Salah satu yang menerima abstrak
gue adalah Joint World Conference Social Work, Education, and Social
Development/SWSD 2016. This conference was special karena gue bisa masuk
melalui skripsi gue yang pendidikan padahal sebenernya conference nya tentang
social work dan social development yang sekarang menjadi ranah pekerjaan gue.
Dan yang lebih special lagi konferensi ini diselenggarakan di Seoul, Korea.
Kebayang nggak betapa senengnya gue ketika mendapatkan acceptance letter
sebagai poster presenter di Bulan November 2015.

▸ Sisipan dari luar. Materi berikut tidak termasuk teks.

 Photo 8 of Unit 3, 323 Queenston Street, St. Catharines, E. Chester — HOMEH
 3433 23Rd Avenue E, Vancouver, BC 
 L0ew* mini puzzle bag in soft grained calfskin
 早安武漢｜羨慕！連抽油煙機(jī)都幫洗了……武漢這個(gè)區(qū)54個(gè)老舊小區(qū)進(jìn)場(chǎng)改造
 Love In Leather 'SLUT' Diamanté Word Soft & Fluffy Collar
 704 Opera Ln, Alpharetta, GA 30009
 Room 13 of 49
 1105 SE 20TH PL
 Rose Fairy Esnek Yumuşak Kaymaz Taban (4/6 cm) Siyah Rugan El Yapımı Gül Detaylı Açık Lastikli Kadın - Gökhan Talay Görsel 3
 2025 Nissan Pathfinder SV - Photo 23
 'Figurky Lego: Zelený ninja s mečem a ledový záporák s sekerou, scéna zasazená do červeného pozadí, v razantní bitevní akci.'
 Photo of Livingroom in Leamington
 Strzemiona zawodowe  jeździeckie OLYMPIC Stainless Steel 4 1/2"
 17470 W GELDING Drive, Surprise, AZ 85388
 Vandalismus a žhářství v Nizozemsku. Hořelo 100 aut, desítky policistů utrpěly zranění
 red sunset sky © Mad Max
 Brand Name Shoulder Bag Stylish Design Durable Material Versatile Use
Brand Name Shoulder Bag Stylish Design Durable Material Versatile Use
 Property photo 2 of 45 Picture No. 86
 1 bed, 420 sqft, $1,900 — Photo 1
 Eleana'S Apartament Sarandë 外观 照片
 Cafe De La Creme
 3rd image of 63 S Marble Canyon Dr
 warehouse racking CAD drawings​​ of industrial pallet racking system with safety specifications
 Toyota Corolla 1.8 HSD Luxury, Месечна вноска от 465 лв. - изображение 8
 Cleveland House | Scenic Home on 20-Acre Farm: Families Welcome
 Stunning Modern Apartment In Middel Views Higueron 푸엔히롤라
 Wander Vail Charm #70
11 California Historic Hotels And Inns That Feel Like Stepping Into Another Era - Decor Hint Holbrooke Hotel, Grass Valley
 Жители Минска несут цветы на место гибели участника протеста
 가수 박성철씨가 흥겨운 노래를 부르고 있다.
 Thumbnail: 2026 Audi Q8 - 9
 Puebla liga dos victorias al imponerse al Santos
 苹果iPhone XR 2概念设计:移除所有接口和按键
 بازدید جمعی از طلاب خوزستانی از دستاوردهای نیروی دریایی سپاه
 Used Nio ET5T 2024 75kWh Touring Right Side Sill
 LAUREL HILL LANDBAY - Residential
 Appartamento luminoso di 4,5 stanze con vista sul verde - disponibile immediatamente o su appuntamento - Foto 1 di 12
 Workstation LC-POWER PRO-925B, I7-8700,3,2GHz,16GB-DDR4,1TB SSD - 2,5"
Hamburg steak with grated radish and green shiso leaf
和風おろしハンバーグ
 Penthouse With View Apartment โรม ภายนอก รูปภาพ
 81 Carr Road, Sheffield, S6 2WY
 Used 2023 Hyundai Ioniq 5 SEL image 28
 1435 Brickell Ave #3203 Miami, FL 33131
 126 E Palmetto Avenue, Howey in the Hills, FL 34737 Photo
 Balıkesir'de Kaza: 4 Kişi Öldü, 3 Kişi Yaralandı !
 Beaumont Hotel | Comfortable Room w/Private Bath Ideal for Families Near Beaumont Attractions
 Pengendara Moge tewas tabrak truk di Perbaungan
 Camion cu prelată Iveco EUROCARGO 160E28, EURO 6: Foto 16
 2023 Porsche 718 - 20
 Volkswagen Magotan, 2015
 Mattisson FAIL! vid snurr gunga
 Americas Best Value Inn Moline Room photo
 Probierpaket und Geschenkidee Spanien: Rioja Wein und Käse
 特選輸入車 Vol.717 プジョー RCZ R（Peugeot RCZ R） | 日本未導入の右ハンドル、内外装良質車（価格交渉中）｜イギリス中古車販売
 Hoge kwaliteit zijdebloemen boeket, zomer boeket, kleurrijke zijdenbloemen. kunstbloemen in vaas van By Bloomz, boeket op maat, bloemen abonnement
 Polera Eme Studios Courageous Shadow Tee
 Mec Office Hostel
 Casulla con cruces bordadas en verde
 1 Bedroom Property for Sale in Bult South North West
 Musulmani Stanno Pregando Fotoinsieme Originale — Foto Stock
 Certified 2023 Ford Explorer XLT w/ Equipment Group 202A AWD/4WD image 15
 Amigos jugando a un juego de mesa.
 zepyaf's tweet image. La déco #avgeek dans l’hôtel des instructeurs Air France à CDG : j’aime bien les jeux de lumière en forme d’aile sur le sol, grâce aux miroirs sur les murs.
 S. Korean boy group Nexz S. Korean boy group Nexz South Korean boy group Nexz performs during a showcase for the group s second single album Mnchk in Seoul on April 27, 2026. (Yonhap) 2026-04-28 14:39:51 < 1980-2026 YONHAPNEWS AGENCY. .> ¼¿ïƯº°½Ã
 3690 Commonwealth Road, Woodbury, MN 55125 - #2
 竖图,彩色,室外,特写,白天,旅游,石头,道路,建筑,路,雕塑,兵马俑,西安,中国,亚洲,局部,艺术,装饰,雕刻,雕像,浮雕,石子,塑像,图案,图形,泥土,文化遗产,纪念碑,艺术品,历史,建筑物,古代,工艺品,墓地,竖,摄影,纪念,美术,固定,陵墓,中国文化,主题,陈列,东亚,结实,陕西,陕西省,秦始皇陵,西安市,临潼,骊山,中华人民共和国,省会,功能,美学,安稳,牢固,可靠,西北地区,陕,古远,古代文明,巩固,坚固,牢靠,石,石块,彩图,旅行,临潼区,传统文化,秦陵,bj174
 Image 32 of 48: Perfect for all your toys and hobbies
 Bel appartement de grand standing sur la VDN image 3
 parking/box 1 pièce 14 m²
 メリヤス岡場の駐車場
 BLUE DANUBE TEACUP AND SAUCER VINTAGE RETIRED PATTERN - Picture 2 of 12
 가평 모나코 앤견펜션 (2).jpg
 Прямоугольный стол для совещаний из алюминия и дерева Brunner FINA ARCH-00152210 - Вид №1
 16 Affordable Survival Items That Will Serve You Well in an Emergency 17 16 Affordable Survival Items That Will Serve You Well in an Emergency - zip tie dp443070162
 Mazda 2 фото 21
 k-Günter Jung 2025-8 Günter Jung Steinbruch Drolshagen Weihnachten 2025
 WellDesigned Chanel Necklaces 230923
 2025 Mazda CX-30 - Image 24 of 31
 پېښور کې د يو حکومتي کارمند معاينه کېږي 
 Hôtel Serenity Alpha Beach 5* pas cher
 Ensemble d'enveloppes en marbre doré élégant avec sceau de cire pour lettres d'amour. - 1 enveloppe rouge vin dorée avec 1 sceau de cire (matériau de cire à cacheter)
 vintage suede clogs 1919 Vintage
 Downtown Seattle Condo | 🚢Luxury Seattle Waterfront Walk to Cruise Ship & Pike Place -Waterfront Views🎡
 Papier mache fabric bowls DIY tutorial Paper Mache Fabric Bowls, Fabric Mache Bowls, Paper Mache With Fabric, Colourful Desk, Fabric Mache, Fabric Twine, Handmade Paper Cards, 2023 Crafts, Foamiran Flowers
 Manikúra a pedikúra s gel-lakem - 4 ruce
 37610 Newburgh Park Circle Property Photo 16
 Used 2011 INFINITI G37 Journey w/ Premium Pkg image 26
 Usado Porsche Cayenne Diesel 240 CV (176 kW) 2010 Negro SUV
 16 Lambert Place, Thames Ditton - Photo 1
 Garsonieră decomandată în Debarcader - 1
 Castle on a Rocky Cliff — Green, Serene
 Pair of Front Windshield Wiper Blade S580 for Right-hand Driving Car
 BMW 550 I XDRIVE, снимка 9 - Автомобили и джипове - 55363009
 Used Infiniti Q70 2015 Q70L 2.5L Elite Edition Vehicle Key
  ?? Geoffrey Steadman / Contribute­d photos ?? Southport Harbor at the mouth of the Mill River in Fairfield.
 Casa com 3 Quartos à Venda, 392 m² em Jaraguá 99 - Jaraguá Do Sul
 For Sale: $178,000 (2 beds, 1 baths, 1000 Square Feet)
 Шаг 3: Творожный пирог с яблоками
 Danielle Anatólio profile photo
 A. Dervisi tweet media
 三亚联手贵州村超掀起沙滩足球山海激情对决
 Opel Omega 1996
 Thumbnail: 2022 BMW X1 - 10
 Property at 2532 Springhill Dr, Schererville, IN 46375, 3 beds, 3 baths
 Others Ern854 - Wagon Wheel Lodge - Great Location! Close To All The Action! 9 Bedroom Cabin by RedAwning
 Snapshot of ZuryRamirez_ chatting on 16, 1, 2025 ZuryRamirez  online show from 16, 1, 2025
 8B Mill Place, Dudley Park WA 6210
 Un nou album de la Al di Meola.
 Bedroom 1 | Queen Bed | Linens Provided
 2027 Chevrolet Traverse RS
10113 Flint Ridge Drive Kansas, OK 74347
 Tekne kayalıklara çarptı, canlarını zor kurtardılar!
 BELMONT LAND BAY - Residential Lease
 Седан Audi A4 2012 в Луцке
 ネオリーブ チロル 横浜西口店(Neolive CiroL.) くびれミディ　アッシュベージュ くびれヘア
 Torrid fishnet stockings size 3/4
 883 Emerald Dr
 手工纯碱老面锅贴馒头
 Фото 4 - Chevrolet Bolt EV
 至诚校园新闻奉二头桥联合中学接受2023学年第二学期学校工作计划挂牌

Proses mengikuti konferensi ini
agak panjang dengan segala drama nya. Sejak gue submit abstact dan dinyatakan diterima, mulai dari
senang banget lalu berakhir gamang. Senang akhirnya ada kesempatan ke Seoul,
tapi jauh dan membutuhkan biaya mahal membayangi yang kemudian menyurutkan niat gue. Mikirin
biaya pesawat, akomodasi, biaya hidup, ditambah biaya registrasi conference
yang nggak murah. Lalu, gue mulai cari tahu apakah ada jalan lain untuk
mengikuti conference ini dan menemukan bahwa mereka menawarkan scholarship
tetapi memang harus kembali mengajukan aplikasi untuk mendapatkan beasiswanya.
Di tanggal yang ditentukan gue semangat untuk apply scholarship yang partial
aja karena chance untuk di-cover full scholarship (airfare, accommodation, registration,
and daily allowance) agak kecil. Siapalah gue ini huft. Scholarship parsial hanya mengcover
registration fee dan daily allowance aja.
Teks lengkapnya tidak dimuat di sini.